2. The multi-speed sprocket assembly according to claim 1, wherein the larger sprocket has a removed region forming the double spacewidth having a shape such that the larger sprocket, viewed in the axial direction, has essentially no overlap with the crossing chain link.

3. The multi-speed sprocket assembly according to claim 1, wherein the larger sprocket has a removed area forming the double spacewidth with such a shape that the larger sprocket, viewed in the axial direction, has an overlap with the crossing chain link in the form of a recess with a clearance between the recess and the crossing chain link.

4. The multi-speed sprocket assembly according to claim 3 wherein the larger sprocket has a recess in an overlap region with the link plates of the trailing chain link, but with clearance between the recess and the trailing chain link.

5. The multi-speed sprocket assembly according to claim 4, wherein the leading tooth cooperates with the link plate of the crossing chain link in the region of a tooth tip corner formed on the radially outer end of the front tooth flank.

6. The multi-speed sprocket assembly according to claim 5, wherein the leading tooth is provided with a guiding bevel for an outer link plate of the leading chain link in the region of a tooth tip corner formed on the radially outer end of the front tooth flank.

7. The multi-speed sprocket assembly according to claim 6, wherein the leading tooth is placed obliquely to substantially correspond to the path of the crossing chain link and has a thickness that substantially corresponds to the link plate thickness.
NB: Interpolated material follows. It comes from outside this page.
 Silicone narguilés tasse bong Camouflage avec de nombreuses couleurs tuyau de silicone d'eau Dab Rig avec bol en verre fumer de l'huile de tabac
8. The multi-speed sprocket assembly according to claim 7, wherein the nominal tooth numbers of the larger sprocket and smaller sprocket have a difference of one.

9. The multi-speed sprocket assembly according to claim 1, wherein the larger sprocket has a recess in an overlap region with the link plates of the trailing chain link, but with clearance between the recess and the trailing chain link.

10. The multi-speed sprocket assembly according to claim 1, wherein the leading tooth cooperates with the link plate of the crossing chain link in the region of a tooth tip corner formed on the radially outer end of the front tooth flank.

11. The multi-speed sprocket assembly according to claim 1, wherein the leading tooth is provided with a guiding bevel for an outer link plate of the leading chain link in the region of a tooth tip corner formed on the radially outer end of the front tooth flank.

12. The multi-speed sprocket assembly according to claim 1, wherein the leading tooth is placed obliquely to substantially correspond to the path of the crossing chain link and has a thickness that substantially corresponds to the link plate thickness.

13. The multi-speed sprocket assembly according to claim 1, wherein the nominal tooth numbers of the larger sprocket and smaller sprocket have a difference of one.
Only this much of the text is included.